Clinical Integration: This is taking various forms but is being driven by pressures to stabilize incomes, reduce costs, optimize clinical outcomes, expand the care continuum, and gain market position. ACOs and CINs will take center stage for the next year or two, and the most successful of these will achieve high levels of integration and overall effectiveness. Others will be primarily pursuing defensive positions or chasing incentive dollars and will soon crash. Hospital systems will pursue CINs both as contracting and physician alignment vehicles. Physician groups should recognize that a long-term, tightly aligned CIN relationship may actually be preferred by many health systems versus physician employment as they accomplish a majority of their long-term goals without additional employment expense.

Cost and market pressures will continue to drive mergers of hospitals and health systems, with many hospitals under 150 beds lacking sufficient economies of scale to remain viable on their own. Acquisitions in recent months by Tenet of Vanguard and Community Health Systems of HMA are certainly not the end of this trend to merge hospitals.

Unit profit compression: This has been referred to in the points above but may be the most basic. With the Affordable Care Act, millions of additional people will be added to the health care system. We can afford little, if any, new money to pay for this new care. Thus, payments for each unit of patient care must be reduced over time, i.e., unit profit compression. Reimbursements for primary care will be stabilized for a period of time, and therefore, to encourage care of the newly insured populations, we must expect reimbursements for non-primary care specialists, hospitals, and ambulatory facilities to be reduced fairly significantly and over a relatively short period of time. Whether the system can extract similar margin reductions from the drug and insurance industries will depend a great deal on growing pressure from corporate America to rationalize overall health care costs.
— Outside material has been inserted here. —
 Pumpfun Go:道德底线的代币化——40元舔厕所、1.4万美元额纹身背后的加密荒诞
Physicians and practice administrators need to continually evaluate their own markets and consider the long-term implications of status quo and change. The most efficient care models, which fully leverage a physician’s time and skills, will be in demand in every future scenario. The ability to positively impact patients efficiently with quality outcomes is the new imperative—and a cornerstone for all other changes.
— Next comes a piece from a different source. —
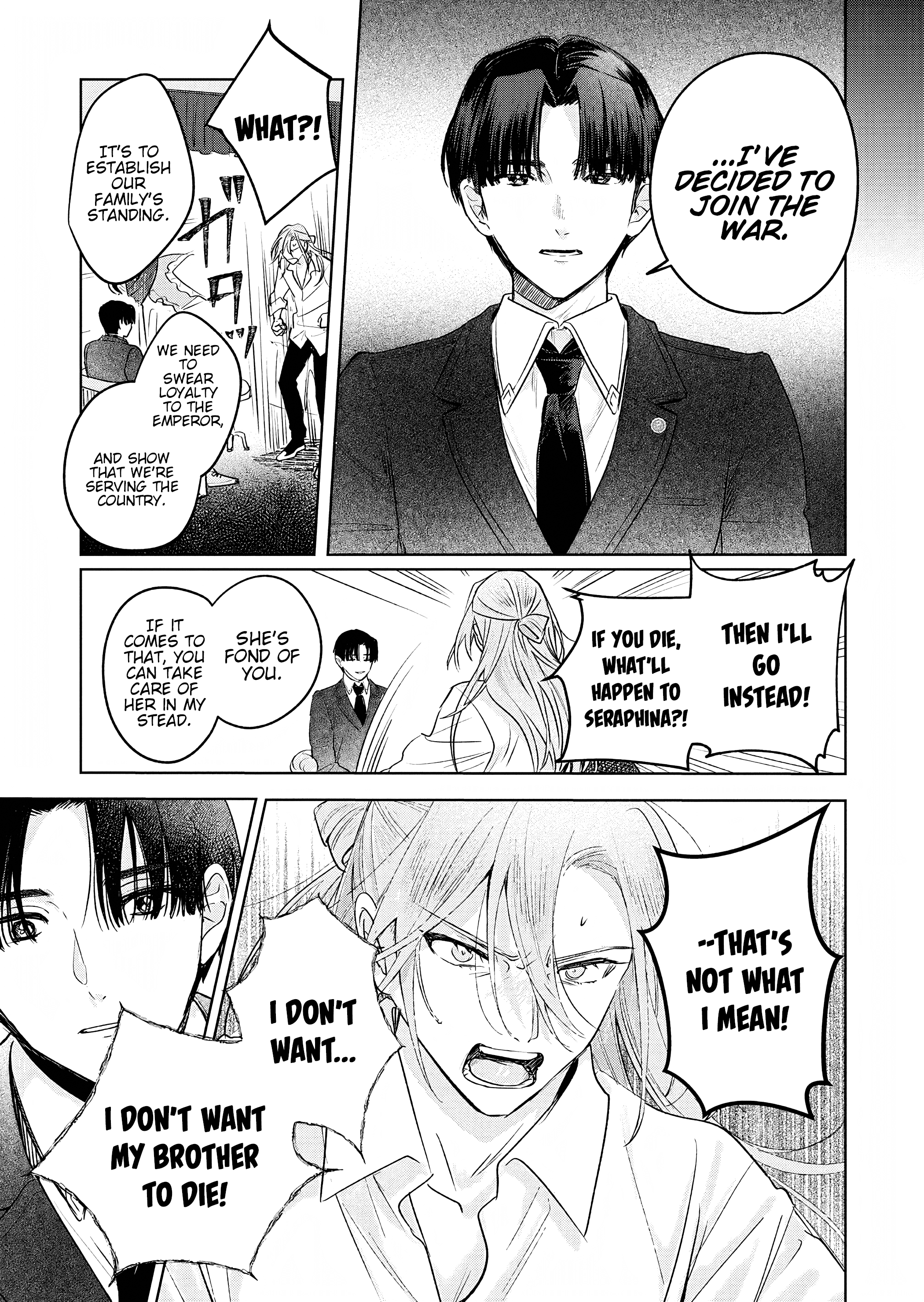 Akujo Kyosei Keikaku Vol. 1 Ch. 5 第9页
Physicians may choose health system employment or employment with larger groups, but it makes sense only to the degree those organizations are able to weather the storms they too are about to encounter. Certainly, many hospital systems are and will be experiencing their own challenges with significantly reduced per unit reimbursement. The opportunity to strategically align with health systems or payers through CINs or ACOs may provide many of the benefits of larger group employment while allowing physicians to retain more independence.
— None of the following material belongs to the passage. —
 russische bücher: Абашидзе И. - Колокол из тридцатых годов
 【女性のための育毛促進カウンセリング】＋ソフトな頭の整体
There is enough evidence that the status quo is not sustainable and the pace of change over the next five years will be as great as anytime in the last 40. Physicians, practice managers, hospital administrators—all need to be at the forefront of addressing every major trend and collaborating on solutions. If we can bend the cost curve, change practice patterns, and even influence population health choices, the American health care system can and will improve as a result.

BOB COLVIN is a principal at Health System Advisors. He has over 25 years of experience leading hospitals and health systems in strategic solutions, ranging from a 500+ bed academic medical center to for-profit facilities, suburban facilities, and small rural hospitals. His experience includes operating a large multispecialty physician group, regional ambulance services, home health agencies, and community primary care clinics.